*Exercise*
Using the records below, transcribe exactly only the lines from the one with "On average, pancreas" through the end, both included, and drop every picture.

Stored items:

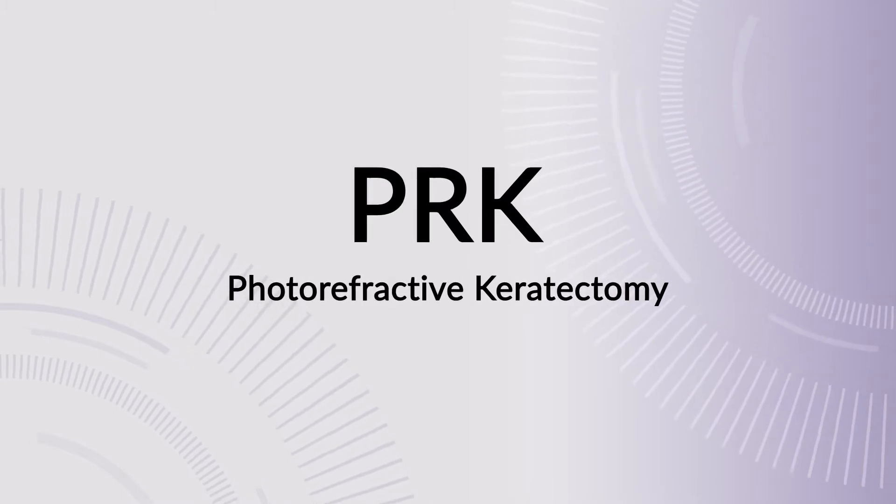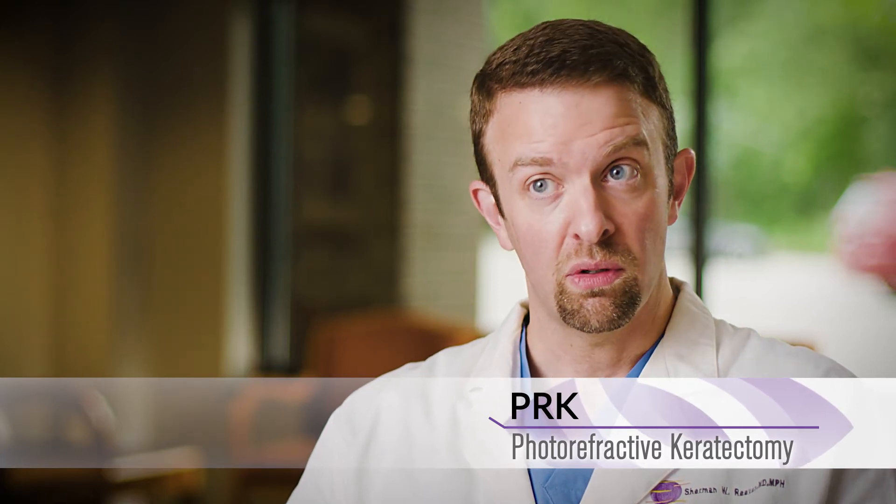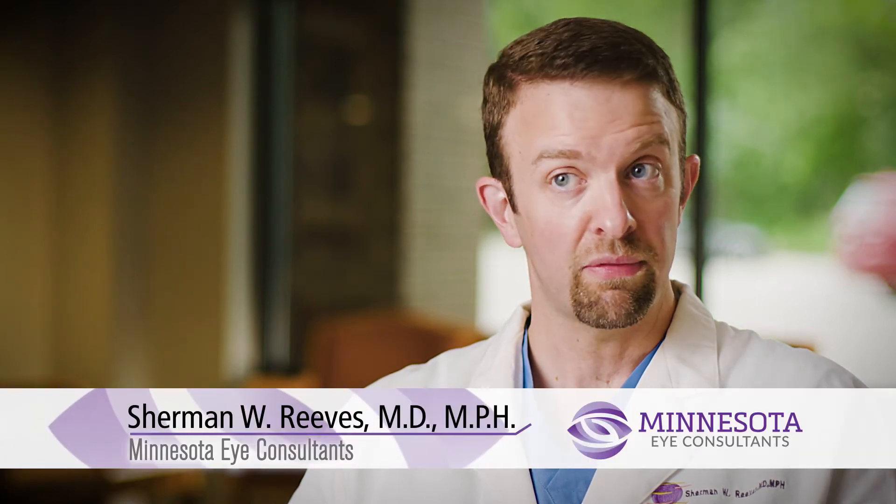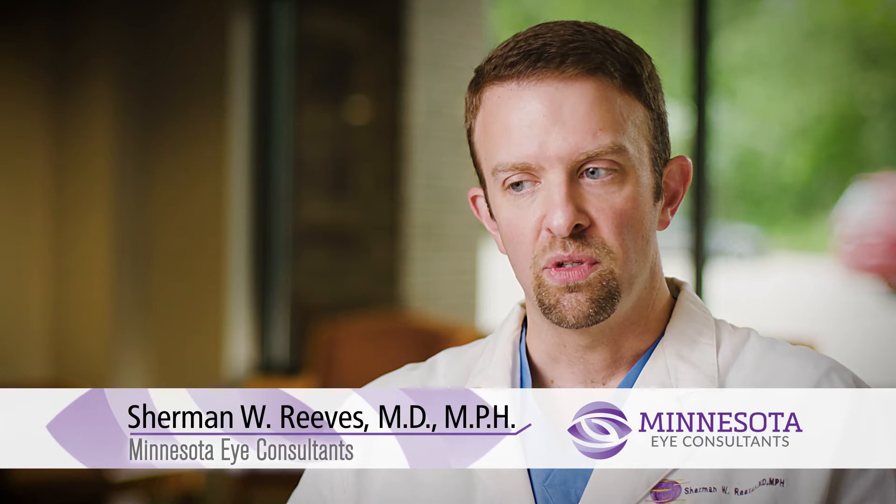A common alternative to LASIK is a procedure called PRK, or photorefractive keratectomy. PRK was actually one of the original laser vision correction procedures and it's done without creating a flap in the cornea. The procedure is performed by removing the surface cells from the cornea, then using the laser directly on the surface of the cornea.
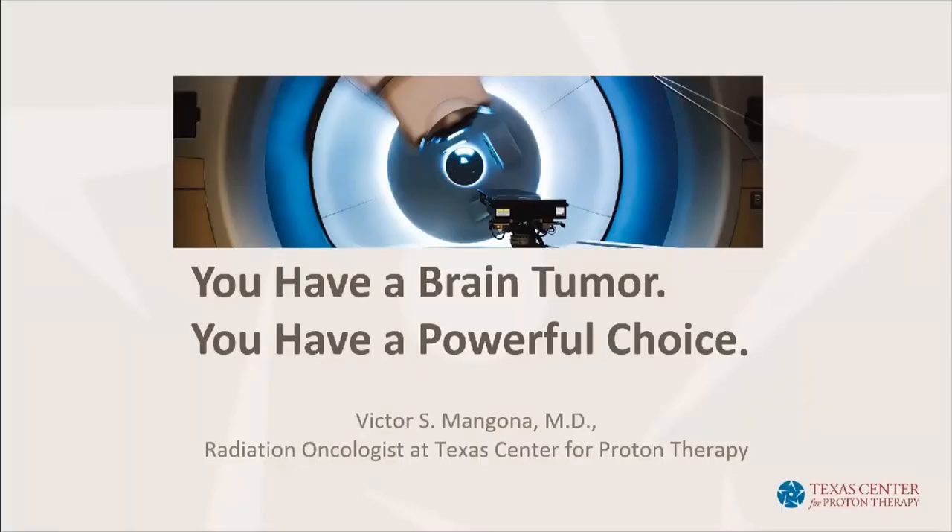Welcome, everyone, and thank you for joining us today to learn about proton therapy as a treatment option for brain tumors. This is the first event in a brand new educational series where we'll be discussing proton therapy for various cancer types. My name is Lindsay Foster, and I serve as the oncology liaison for the Texas Center for Proton Therapy.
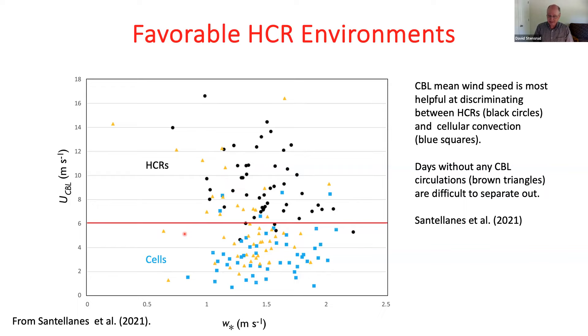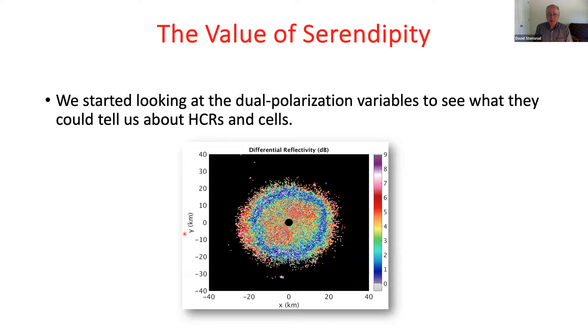I want to mention the value of serendipity. We started looking at data from 2008 through 2017, and the Twin Lakes radar was actually upgraded to dual-pol in 2014. So we decided to look at what dual polarization variables could provide when looking at rolls and cells. What we started seeing on a number of days was a PPI at about four and a half degrees elevation — near the radar, values of differential reflectivity ZDR were in the reds and yellows, somewhere between four and seven. Then there would be a zone of blue, indicating values of maybe one to two for ZDR. Beyond that, you'd go back to higher values again.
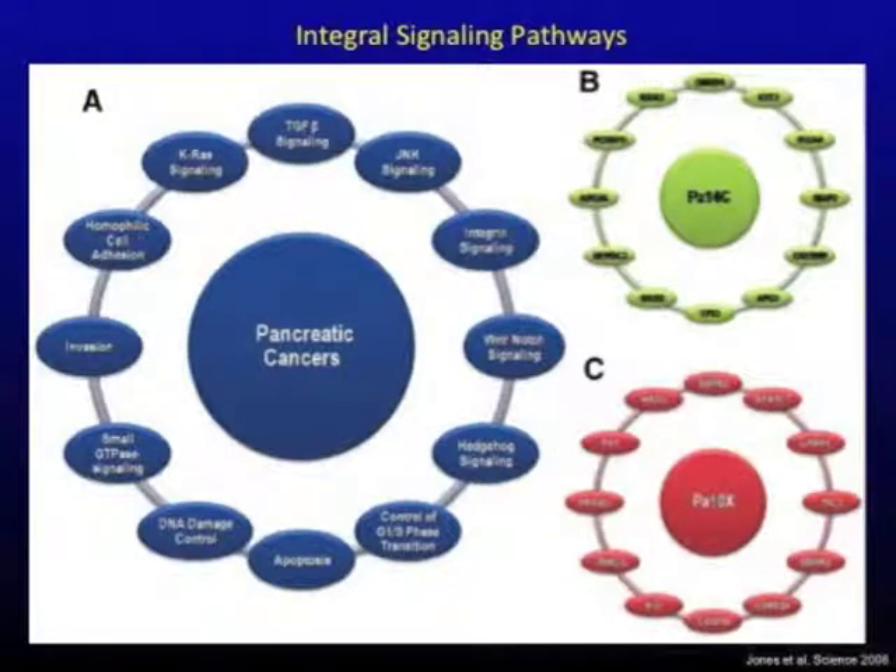On average, pancreas cancers have approximately 60 different genetic abnormalities in a given tumor. You can classify these abnormalities into different genetic pathways — approximately 12 genetic pathways predominantly occur in pancreas cancer. It doesn't mean all genetic abnormalities are confined to these pathways, but these are common amongst patients with pancreas cancer.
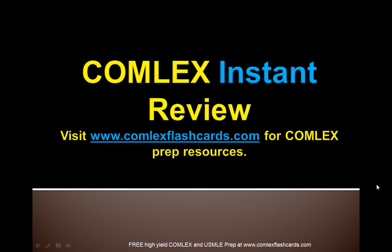That's a quick overview for Comlex Level 2 and Level 3 board review of prostate cancer and its management. Please visit ComlexFlashCards.com for additional resources as you prepare for the board exam. The Comlex Level 2 and Level 3 exams will test your clinical competence in managing patients, and we have lots more resources on ComlexFlashCards.com to help you get through these exams. Good luck in medical school and in your preparation.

*Answer for this exercise*
On average, pancreas cancers have approximately 60 different genetic abnormalities in a given tumor. You can classify these abnormalities into different genetic pathways — approximately 12 genetic pathways predominantly occur in pancreas cancer. It doesn't mean all genetic abnormalities are confined to these pathways, but these are common amongst patients with pancreas cancer.
That's a quick overview for Comlex Level 2 and Level 3 board review of prostate cancer and its management. Please visit ComlexFlashCards.com for additional resources as you prepare for the board exam. The Comlex Level 2 and Level 3 exams will test your clinical competence in managing patients, and we have lots more resources on ComlexFlashCards.com to help you get through these exams. Good luck in medical school and in your preparation.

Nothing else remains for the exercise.